Records for this task:
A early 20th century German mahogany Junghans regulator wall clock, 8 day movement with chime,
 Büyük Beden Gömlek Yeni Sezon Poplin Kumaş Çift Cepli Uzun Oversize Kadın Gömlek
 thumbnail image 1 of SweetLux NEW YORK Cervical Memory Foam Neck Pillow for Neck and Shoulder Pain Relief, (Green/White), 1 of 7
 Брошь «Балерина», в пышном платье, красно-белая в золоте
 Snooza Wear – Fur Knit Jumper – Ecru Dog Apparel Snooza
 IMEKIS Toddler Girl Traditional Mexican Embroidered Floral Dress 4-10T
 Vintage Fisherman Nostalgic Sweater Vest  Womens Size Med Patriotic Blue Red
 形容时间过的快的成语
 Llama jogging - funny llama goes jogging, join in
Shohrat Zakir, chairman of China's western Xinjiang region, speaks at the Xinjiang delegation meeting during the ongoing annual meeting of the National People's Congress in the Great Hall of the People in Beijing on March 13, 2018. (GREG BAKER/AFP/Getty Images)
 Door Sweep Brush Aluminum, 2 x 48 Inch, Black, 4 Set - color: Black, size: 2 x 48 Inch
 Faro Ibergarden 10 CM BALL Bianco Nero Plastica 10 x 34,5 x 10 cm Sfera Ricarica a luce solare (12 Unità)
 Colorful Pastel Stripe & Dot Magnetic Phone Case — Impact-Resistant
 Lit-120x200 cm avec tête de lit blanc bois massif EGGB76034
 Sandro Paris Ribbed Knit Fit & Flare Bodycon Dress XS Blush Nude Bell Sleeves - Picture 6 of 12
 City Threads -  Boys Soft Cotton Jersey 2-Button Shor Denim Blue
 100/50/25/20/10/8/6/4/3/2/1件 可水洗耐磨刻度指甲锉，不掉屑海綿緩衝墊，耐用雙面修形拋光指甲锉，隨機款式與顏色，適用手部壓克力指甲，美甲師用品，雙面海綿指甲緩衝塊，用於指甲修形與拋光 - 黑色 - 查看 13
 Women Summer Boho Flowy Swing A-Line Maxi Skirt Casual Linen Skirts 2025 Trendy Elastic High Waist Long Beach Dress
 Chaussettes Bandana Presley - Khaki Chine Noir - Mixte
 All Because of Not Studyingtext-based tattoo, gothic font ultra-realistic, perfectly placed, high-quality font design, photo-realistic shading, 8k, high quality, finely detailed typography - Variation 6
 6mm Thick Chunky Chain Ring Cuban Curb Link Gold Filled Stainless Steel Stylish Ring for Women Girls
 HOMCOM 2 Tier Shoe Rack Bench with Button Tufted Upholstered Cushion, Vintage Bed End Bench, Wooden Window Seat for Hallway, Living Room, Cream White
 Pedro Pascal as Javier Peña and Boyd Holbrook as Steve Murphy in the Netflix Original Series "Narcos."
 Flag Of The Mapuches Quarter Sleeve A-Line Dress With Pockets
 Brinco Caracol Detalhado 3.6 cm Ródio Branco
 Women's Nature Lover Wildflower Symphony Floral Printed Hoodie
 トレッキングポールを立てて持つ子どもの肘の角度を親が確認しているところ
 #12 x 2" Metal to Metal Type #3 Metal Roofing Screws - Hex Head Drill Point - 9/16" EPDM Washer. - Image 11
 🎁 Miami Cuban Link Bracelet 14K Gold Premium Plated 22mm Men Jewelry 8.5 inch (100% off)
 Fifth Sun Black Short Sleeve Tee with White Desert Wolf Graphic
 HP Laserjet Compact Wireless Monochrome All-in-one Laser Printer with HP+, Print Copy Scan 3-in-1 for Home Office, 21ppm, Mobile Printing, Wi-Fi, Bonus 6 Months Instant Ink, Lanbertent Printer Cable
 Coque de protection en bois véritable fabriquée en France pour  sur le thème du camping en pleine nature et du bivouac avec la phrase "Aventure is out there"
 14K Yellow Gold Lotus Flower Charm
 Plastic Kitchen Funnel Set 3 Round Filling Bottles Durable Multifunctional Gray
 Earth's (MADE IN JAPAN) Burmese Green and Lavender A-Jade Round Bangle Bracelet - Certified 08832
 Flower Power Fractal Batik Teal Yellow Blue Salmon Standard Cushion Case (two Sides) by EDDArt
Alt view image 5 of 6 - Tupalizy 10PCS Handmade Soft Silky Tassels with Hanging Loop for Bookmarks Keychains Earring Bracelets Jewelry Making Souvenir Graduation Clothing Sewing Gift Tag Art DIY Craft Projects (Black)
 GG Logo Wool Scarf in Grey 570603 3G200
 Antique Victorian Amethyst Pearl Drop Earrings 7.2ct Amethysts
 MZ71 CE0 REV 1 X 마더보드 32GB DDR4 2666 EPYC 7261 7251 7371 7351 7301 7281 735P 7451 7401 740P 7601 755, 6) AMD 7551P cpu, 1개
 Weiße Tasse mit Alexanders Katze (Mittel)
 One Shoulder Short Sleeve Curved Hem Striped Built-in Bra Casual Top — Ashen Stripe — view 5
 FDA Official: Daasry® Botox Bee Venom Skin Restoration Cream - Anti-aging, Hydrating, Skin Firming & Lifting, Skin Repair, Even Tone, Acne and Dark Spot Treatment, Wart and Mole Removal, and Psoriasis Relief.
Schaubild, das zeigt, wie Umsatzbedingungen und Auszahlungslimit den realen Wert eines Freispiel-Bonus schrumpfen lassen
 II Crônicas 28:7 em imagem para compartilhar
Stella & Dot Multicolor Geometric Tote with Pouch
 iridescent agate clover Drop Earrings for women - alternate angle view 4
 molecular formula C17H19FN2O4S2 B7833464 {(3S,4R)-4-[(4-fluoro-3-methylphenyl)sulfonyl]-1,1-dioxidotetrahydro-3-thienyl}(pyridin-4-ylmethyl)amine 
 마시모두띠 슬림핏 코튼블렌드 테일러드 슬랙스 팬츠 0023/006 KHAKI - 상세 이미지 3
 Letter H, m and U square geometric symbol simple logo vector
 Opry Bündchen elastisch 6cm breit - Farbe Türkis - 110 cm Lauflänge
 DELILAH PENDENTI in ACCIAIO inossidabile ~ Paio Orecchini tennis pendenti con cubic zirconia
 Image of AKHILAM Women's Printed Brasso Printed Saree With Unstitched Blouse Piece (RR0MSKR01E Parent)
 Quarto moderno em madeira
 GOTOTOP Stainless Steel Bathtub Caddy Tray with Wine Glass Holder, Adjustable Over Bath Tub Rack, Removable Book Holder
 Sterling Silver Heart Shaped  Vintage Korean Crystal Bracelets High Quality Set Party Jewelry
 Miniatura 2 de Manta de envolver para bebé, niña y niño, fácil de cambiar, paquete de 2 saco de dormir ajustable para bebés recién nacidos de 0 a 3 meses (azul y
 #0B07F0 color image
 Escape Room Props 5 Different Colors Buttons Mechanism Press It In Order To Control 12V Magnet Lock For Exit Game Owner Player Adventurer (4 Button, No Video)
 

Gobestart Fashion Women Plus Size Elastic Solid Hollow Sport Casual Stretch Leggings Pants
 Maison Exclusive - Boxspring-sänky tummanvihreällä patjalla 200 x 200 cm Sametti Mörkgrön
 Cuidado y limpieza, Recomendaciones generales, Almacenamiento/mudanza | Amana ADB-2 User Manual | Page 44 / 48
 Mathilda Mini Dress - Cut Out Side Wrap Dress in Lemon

Problem details:
Each line from the one holding "Cuidado y limpieza, Recomendaciones" through the last line of the data is to be transcribed exactly, with nothing else added.

Solution:
 Cuidado y limpieza, Recomendaciones generales, Almacenamiento/mudanza | Amana ADB-2 User Manual | Page 44 / 48
 Mathilda Mini Dress - Cut Out Side Wrap Dress in Lemon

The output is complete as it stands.